Con Zapatero, Bush no había sido amable. No respondió su llamada de felicitaciones por la reelección, en noviembre de 2004, y agradeció por carta, tres meses después, los compromisos asumidos por las tropas españolas en Afganistán. Irak era la manzana de la discordia; Irak y el discurso contra la ocupación militar.
La relación tirante entre ellos, no entre ambos países, puso en evidencia el carácter de Bush. Aquel que, en vísperas de las elecciones de 2000, hablaba de malhechores, cual superhéroe de cómic, y perfiló su léxico hacia una definición más amplia, y menos generosa, del mal a secas después de los atentados de 2001. Aquel que encasilló en el «eje del mal» a Irak, Irán y Corea del Norte, y luego incluyó a Siria.
Y aquel que, en cierto modo, también incluyó a Chávez por su petróleo, sus coqueteos con gente de mala entraña como Castro, Evo Morales y Saddam, y su temeraria compra de armas a Rusia (rompió con la tradición de Venezuela de usar armas de origen occidental) con fines tan imprecisos como las fronteras de sus ambiciones bolivarianas, así como el alistamiento de reservistas civiles frente a una hipotética invasión norteamericana.
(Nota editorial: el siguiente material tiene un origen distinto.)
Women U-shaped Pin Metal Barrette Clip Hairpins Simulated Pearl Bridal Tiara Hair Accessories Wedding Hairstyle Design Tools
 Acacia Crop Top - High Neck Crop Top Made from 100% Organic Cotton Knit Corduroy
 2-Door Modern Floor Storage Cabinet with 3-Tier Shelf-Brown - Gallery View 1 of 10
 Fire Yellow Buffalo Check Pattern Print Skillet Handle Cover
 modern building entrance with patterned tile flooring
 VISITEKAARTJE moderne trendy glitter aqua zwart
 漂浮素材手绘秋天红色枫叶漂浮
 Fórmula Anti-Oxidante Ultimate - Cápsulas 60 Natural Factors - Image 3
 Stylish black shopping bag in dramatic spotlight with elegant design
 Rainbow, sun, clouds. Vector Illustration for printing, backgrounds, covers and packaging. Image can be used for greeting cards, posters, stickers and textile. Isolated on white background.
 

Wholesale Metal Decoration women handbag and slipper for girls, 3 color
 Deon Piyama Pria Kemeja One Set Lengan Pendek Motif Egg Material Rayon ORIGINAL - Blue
Todo sumó, pues, en la votación de la OEA, atada a un dechado de lealtades y traiciones de factura más personal que política, en el cual el empate por sí mismo reflejó la disyuntiva de una región que nunca reparó en sus ejes ni en sus males. Chávez entendió el mensaje: la mera confirmación de Rice y de Donald Rumsfeld en el gabinete norteamericano era una señal de desconfianza, así como la primera visita de Bush, en su segundo período, a Cartagena de Indias, Colombia, en donde estuvo con Uribe. En ella reforzó su política y su moral hacia la región, reñida con la soltura de Zapatero en cultivar amistades. Peligrosas, desde luego.